### Required action
Leaving out the pictures, reproduce each record exactly and in full.
===== Material provided
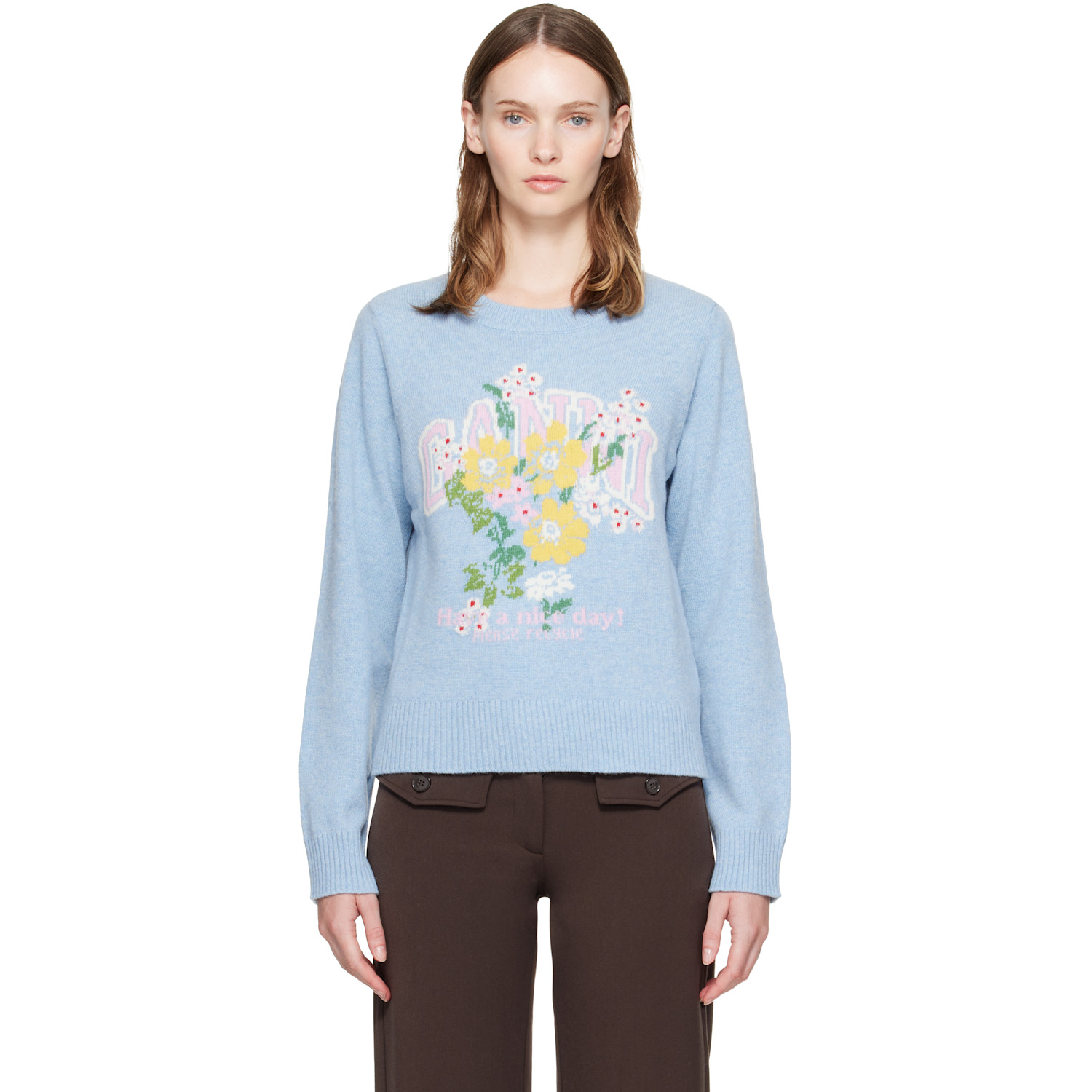 GANNI Blue Flowers Sweater
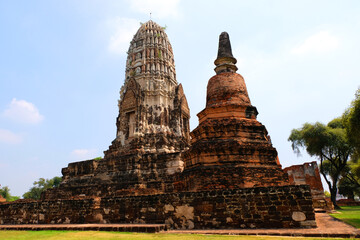 Fototapeta na wymiar Old Buddha at Old Beautiful Thai Temple Wat Ratburana at Ayutthaya, Ayutthaya Historical Park of Thailand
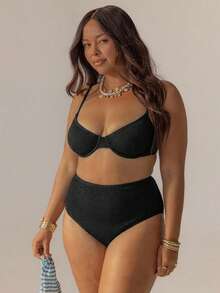 Striped High-Waisted Underwire Bikini Set With Swim Bag, Perfect For Vacations And The 4th Of July, For Summer Outfits And Beach Days - 黑色 - 查看 8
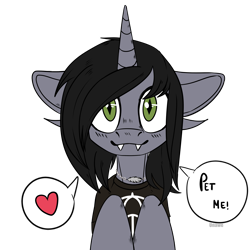 Size: 4000x4000 | Tagged: safe, artist:unawe, pony, unicorn, bust, clothes, commission, disguise, disguised siren, fangs, hair over one eye, horn, jewelry, kellin quinn, looking at you, male, necklace, ponified, shirt, simple background, sleeping with sirens, slit pupils, smiling, solo, speech bubble, stallion, t-shirt, transparent background, ych result
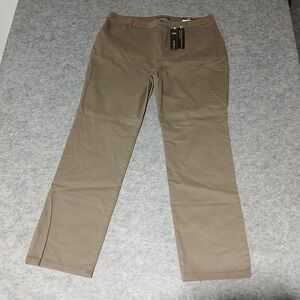 Lee Effortless Wash Wear Straight Leg Pants Deep Breen Womens Size 14 Medium NWT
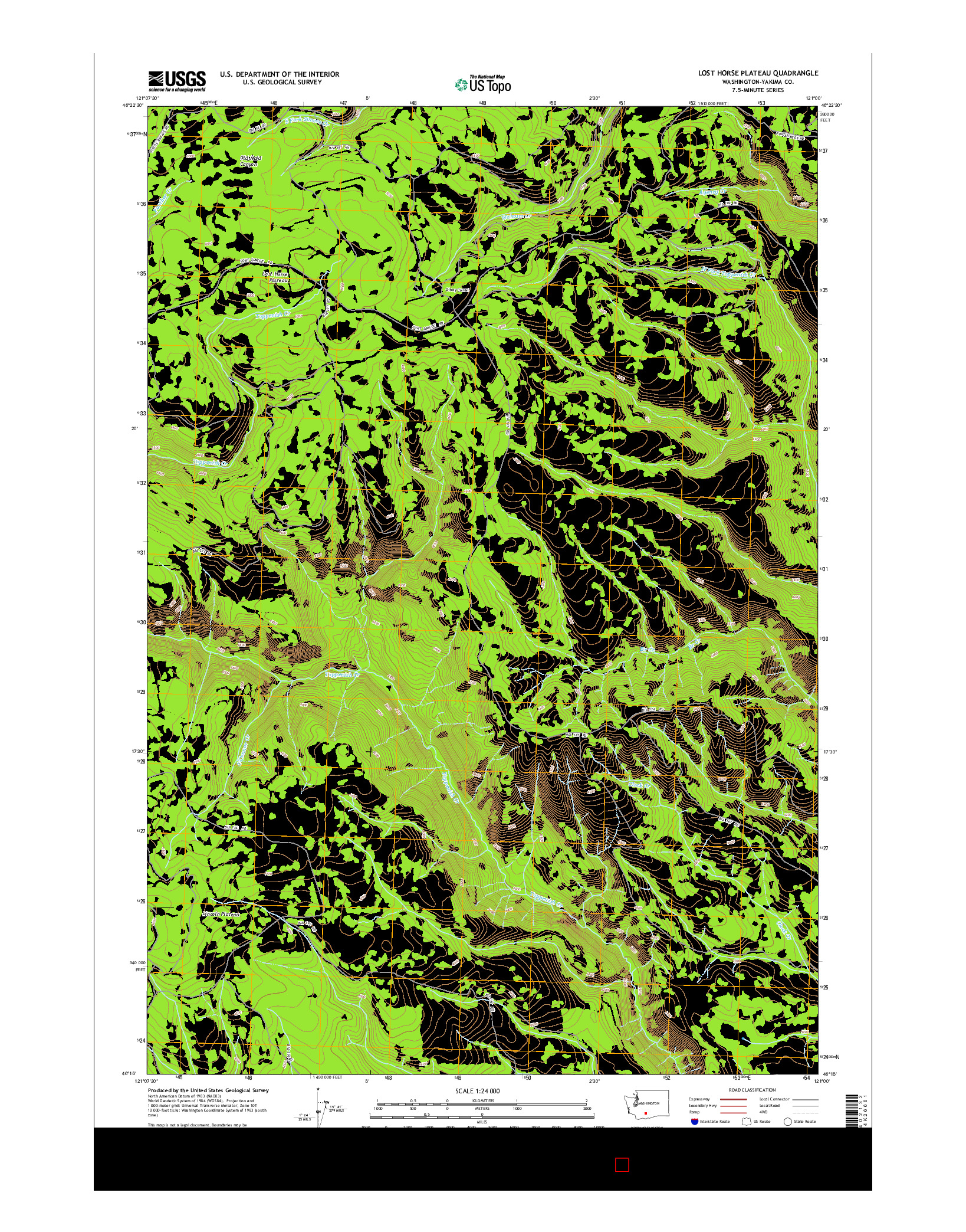 USGS US TOPO 7.5-MINUTE MAP FOR LOST HORSE PLATEAU, WA 2014
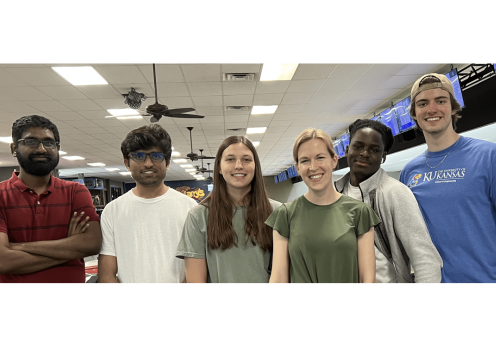 Karthik, Mukhtiar, Lauren, Professor Corson, Osa, and Carter at the bowling alley.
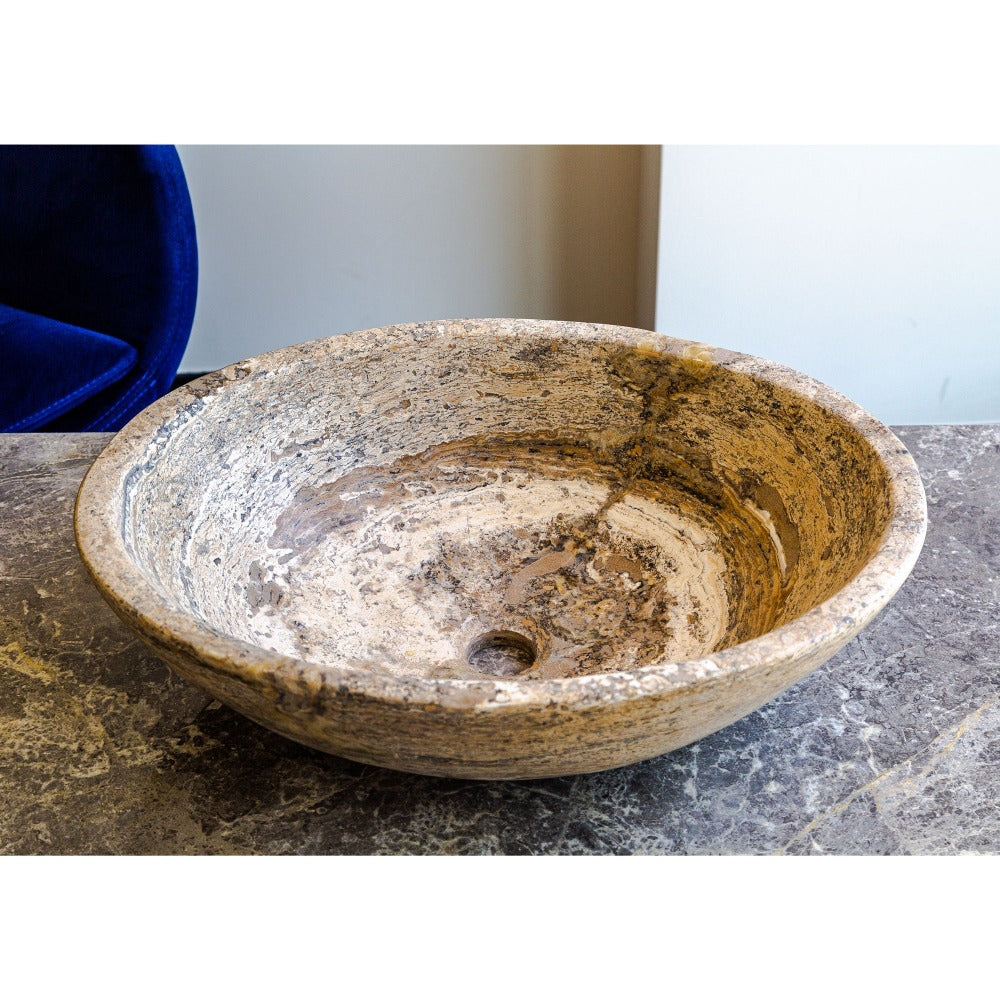 Valencia Travertine Natural Stone Oval Vessel Sink (W)16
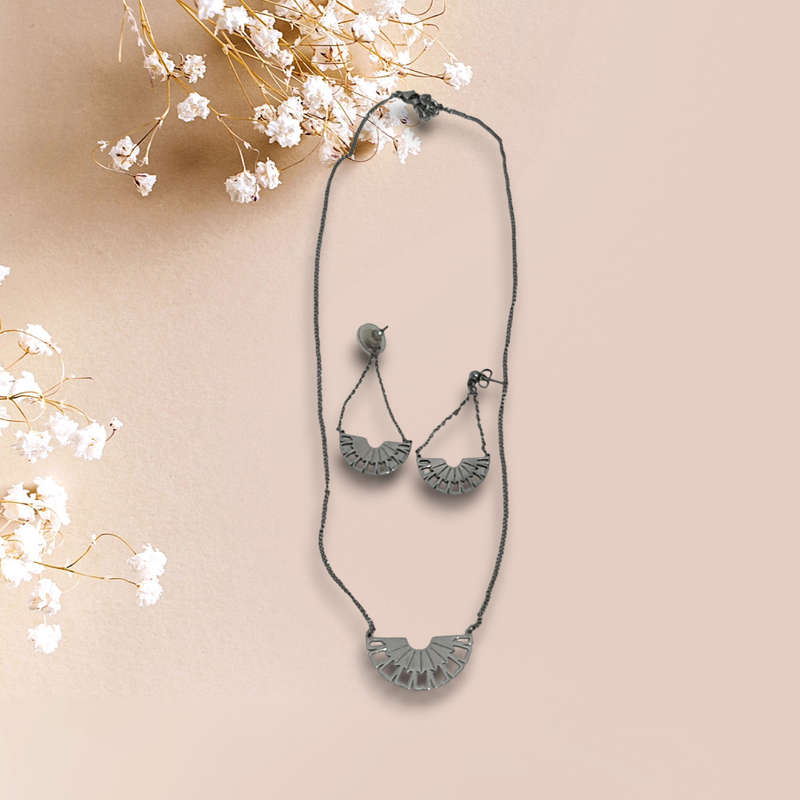 Metal Necklace and Earrings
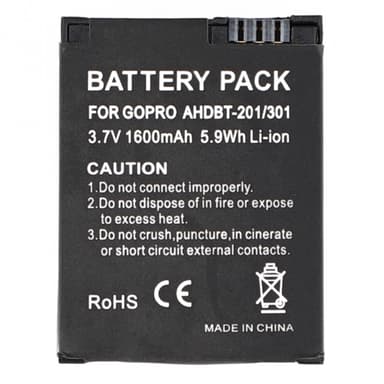 GoPro Hero 3 -kameran akku 3,7 V 1600 mAh AHDBT-201/301 vaihtoakku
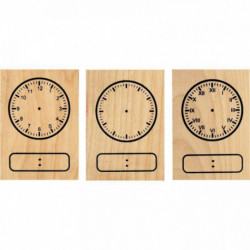 LOT DE 3 TAMPONS HORLOGE EN BOIS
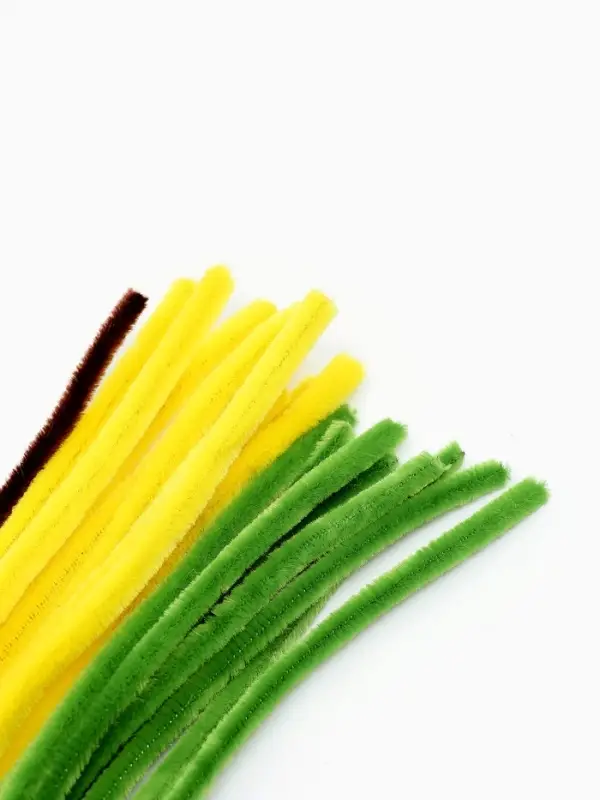 Набор для творчества цветы из пушистой проволоки в горшке, желтый  цветок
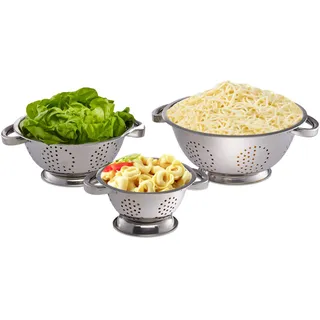 Relaxdays Sieb Set 3 x Ø 15 cm, 20 cm & 25 cm Edelstahl rostfrei Silber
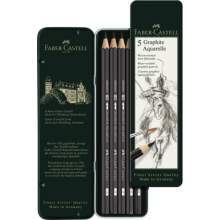 RAYART - Crayon aquarelle graphite boîte de 5 - Faber Castell - Tunisie Meilleur Prix (Beaux-Arts, Graphique, Peinture, Acryliqu
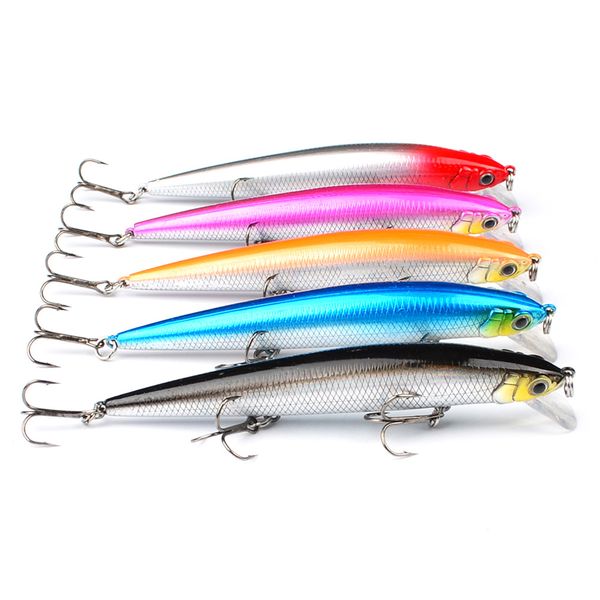 DHL-Versand Großhandel 5 Farben Kunststoff 3 Haken Minnow Angelköder 12 cm 13,88 g Großer Tiefseebarsch Crankbait Künstlicher Wobbler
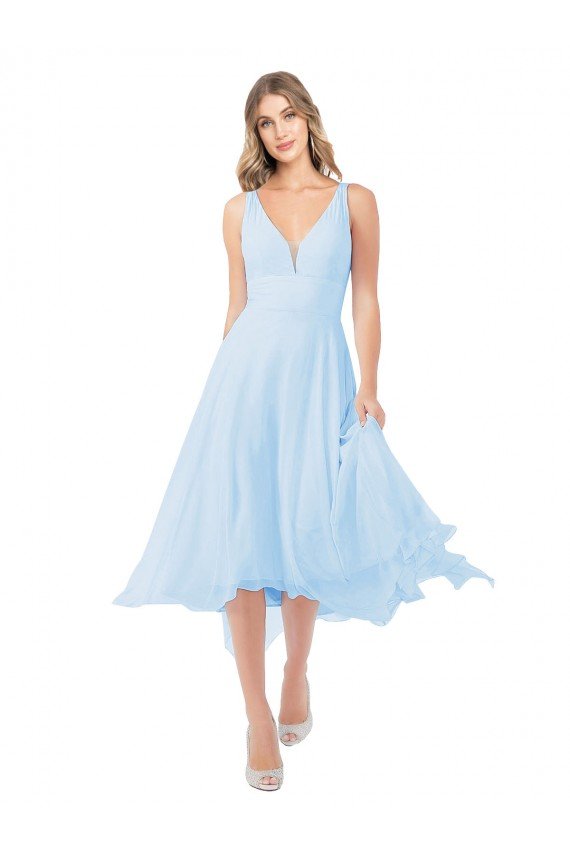 Chiffon Midi Length Keyhole Back Cocktail Dress UK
==========
### Answer section
 GANNI Blue Flowers Sweater
 Fototapeta na wymiar Old Buddha at Old Beautiful Thai Temple Wat Ratburana at Ayutthaya, Ayutthaya Historical Park of Thailand
 Striped High-Waisted Underwire Bikini Set With Swim Bag, Perfect For Vacations And The 4th Of July, For Summer Outfits And Beach Days - 黑色 - 查看 8
 Size: 4000x4000 | Tagged: safe, artist:unawe, pony, unicorn, bust, clothes, commission, disguise, disguised siren, fangs, hair over one eye, horn, jewelry, kellin quinn, looking at you, male, necklace, ponified, shirt, simple background, sleeping with sirens, slit pupils, smiling, solo, speech bubble, stallion, t-shirt, transparent background, ych result
 Lee Effortless Wash Wear Straight Leg Pants Deep Breen Womens Size 14 Medium NWT
 USGS US TOPO 7.5-MINUTE MAP FOR LOST HORSE PLATEAU, WA 2014
 Karthik, Mukhtiar, Lauren, Professor Corson, Osa, and Carter at the bowling alley.
 Valencia Travertine Natural Stone Oval Vessel Sink (W)16
 Metal Necklace and Earrings
 GoPro Hero 3 -kameran akku 3,7 V 1600 mAh AHDBT-201/301 vaihtoakku
 LOT DE 3 TAMPONS HORLOGE EN BOIS
 Набор для творчества цветы из пушистой проволоки в горшке, желтый  цветок
 Relaxdays Sieb Set 3 x Ø 15 cm, 20 cm & 25 cm Edelstahl rostfrei Silber
 RAYART - Crayon aquarelle graphite boîte de 5 - Faber Castell - Tunisie Meilleur Prix (Beaux-Arts, Graphique, Peinture, Acryliqu
 DHL-Versand Großhandel 5 Farben Kunststoff 3 Haken Minnow Angelköder 12 cm 13,88 g Großer Tiefseebarsch Crankbait Künstlicher Wobbler
 Chiffon Midi Length Keyhole Back Cocktail Dress UK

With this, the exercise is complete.